We are in the early phase of the episode in which the three students introduce themselves. In the beginning of the extract (line 01), Donald (sitting left) asks Julius (sitting right) about his studies. On the dimension of next action projection, a question for information strongly projects an answer in the adjacent slot. Julius provides such an answer by saying that he studied literature (line 02), and after a little silence, expands his turn to add that he has finished in the meantime (line 03). In overlap with this expansion, Donald asks a follow-up question in the format of a confirmation request for his guess that Julius studied German literature (line 04), which Julius confirms. This closes the sequence.
With regard to the dimension of next speaker selection, the second person pronoun du in the sequence-initial question is part of a multimodal (deictic) package in which the combination of gaze and the pronoun uniquely selects Julius as the next speaker. Julius complies (second line), while Alma, the third participant in this interaction, remains silent. 6 It is this pattern that Sacks and colleagues had in mind in the formulation of sub-rule 2a in the turn-allocation component of their model. 7
In extract 2, an equally strongly projecting first action (again a question) is produced in such a way that it is verbally addressed to both co-participants by the use of the second person plural pronoun, German ihr “you [PL]”. In this case, only gaze indicates who the speaker wants to select as the answerer:

Strong projection, speaker selection by gaze only.
Hansi, the speaker sitting in the middle, talks about her favorite writers. She mentions an author and asks the others whether they know his books (line 01). The question addresses both co-participants, Arleen and Svetlana, verbally via the second person plural pronoun. However, it is only one of them – Arleen, sitting on Hansi’s right – who answers by saying that she does not (line 03). Why is it Arleen who answers? The selection of Arleen is exclusively based on the questioner’s gaze. During the production of her turn-initial statement in line 01 (the assessment of the writer Walter Moers), Hansi mostly looks into the open space in front of her. It is only when she reaches the last word of this turn constructional unit (the proper name Moers), which also carries the nuclear accent of the intonation phrase, that she turns her gaze toward Arleen, and thereby selects her as the next speaker. She keeps looking at Arleen during the second part of her turn, that is, the question “do you know it?” (meaning: his book, line 02). Arleen, who has been looking at the speaker throughout, takes up this cue and answers immediately, while Svetlana remains silent (and by looking at the answerer accepts Arleen’s claim to the turn).
We now turn to less tightly organized sequences, that is those in which the first action projects a particular next action in a weaker way only. In extract (3), this first action is an evaluative statement that compares the educational systems of two German states. Participants are again Alma, Julius and Donald.

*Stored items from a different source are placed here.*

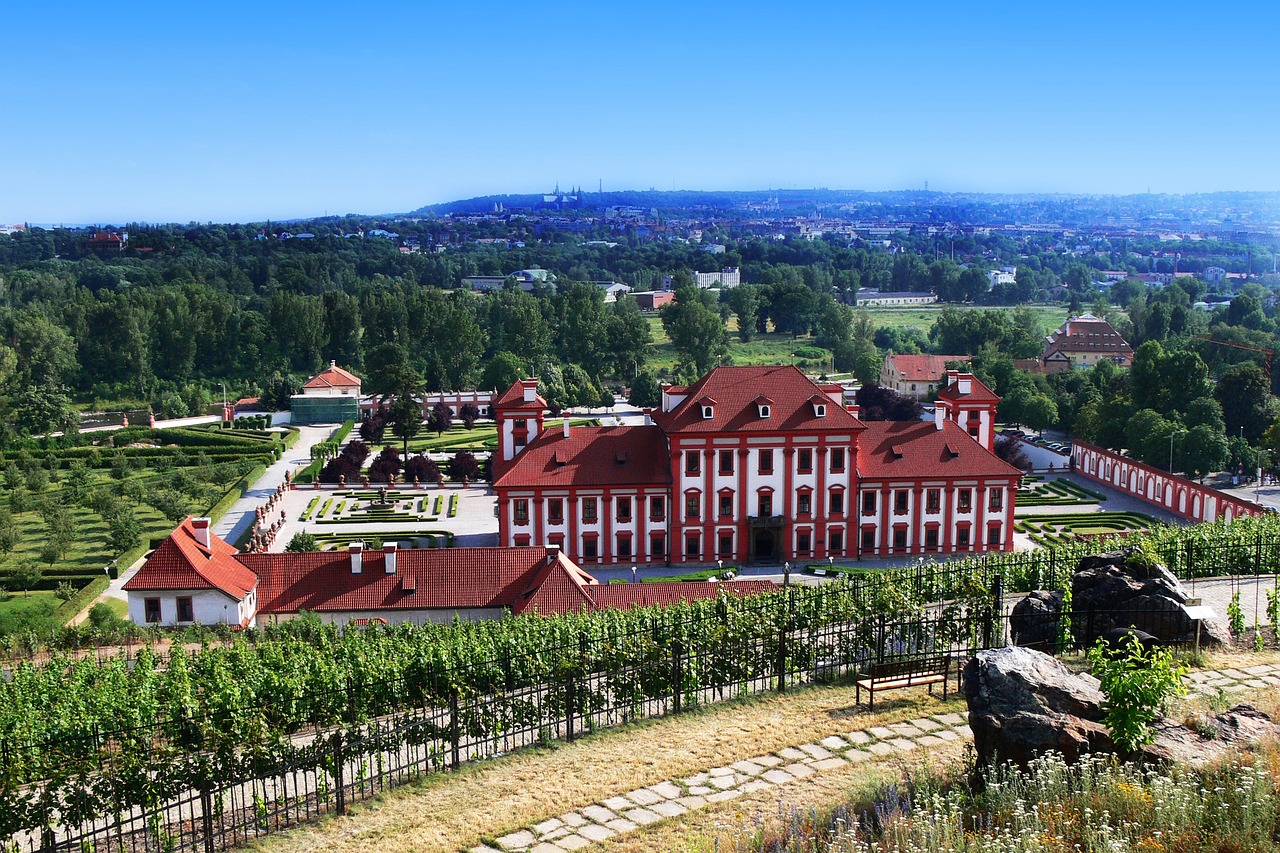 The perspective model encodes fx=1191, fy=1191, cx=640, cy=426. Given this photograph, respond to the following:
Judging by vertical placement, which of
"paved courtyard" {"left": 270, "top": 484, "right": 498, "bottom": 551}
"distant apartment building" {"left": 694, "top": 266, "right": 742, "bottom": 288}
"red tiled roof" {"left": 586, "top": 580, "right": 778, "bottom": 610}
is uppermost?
"distant apartment building" {"left": 694, "top": 266, "right": 742, "bottom": 288}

Moderately strong projecting first action and next-speaker selection by social categorization and gaze.
The main speaker in this sequence formulates a stereotype (cf. his initial framing: “how do they say”) in Germany according to which the northern states such as Hamburg give much better grades for the same school achievements than the southern states, such as Bavaria. What makes this turn somewhat delicate is the fact that shortly before, Alma had told the others that she grew up in Hamburg. Julius can therefore be considered to be threatening Alma’s face by downgrading the quality of her school exams, even though this is not made explicit. A response by one or both co-participants that expresses their opinion on the topic is projected, but the absence of such a second action (for instance due to the co-participants’ ignorance or indifference vis-à-vis this matter) would not be as sanctionable as the absence of an answer after the questions in extracts (1) and (2). If Donald’s sequence-initial action is heard as a critique, a response is of course even more projected.
During his comparative evaluation, Julius looks alternatingly at Donald and Alma, addressing them both. But based on Alma’s self-categorization as a “person from Hamburg” (who also attended school there), she is more likely to comment on Julius’s statement, particularly if she feels the need to defend herself against the imputation of a final exam without merits.
In addition to issues of social categorization (Alma as a “northerner”), next-speaker-selection is also achieved by Julius’s gaze. In the beginning of his turn he looks away into the open space before him (line 01 and beginning of line 02), a typical gaze behavior during hesitations, presumably linked to planning activities. Once the hesitation phase is over (on “zwei komma null”, “B-exam”, line 02), he first turns to Donald and then to Alma, just to turn back to Donald for a very short moment (on “in_n”, “is a”) in the beginning of the predicate. But when approaching the end of his turn (line 03), he gazes at Alma, selecting her as the next speaker. And indeed she picks up the topic eagerly and starts to disagree, arguing that things should not be generalized (lines 04/06).
Even further down on the dimension of next-speaker selection strength are cases in which no other technique than gaze is employed. In these cases, the first action can still be sequentially projecting; nevertheless, it is verbally designed in such a way that it can be responded to by all co-participants.
The following sequence is again taken from the very beginning of the episode between Alma, Julius and Donald, immediately after the initial exchange of greetings and self-presentations. Donald starts the conversation with a kind of excuse (“I thought I might arrive a few minutes late but. . .”, line 01-02), which is ritualistic as he had in fact arrived in time. A ritual excuse need not, but can be responded to by acceptance. Both co-participants, Alma and Julius, are eligible for this next action.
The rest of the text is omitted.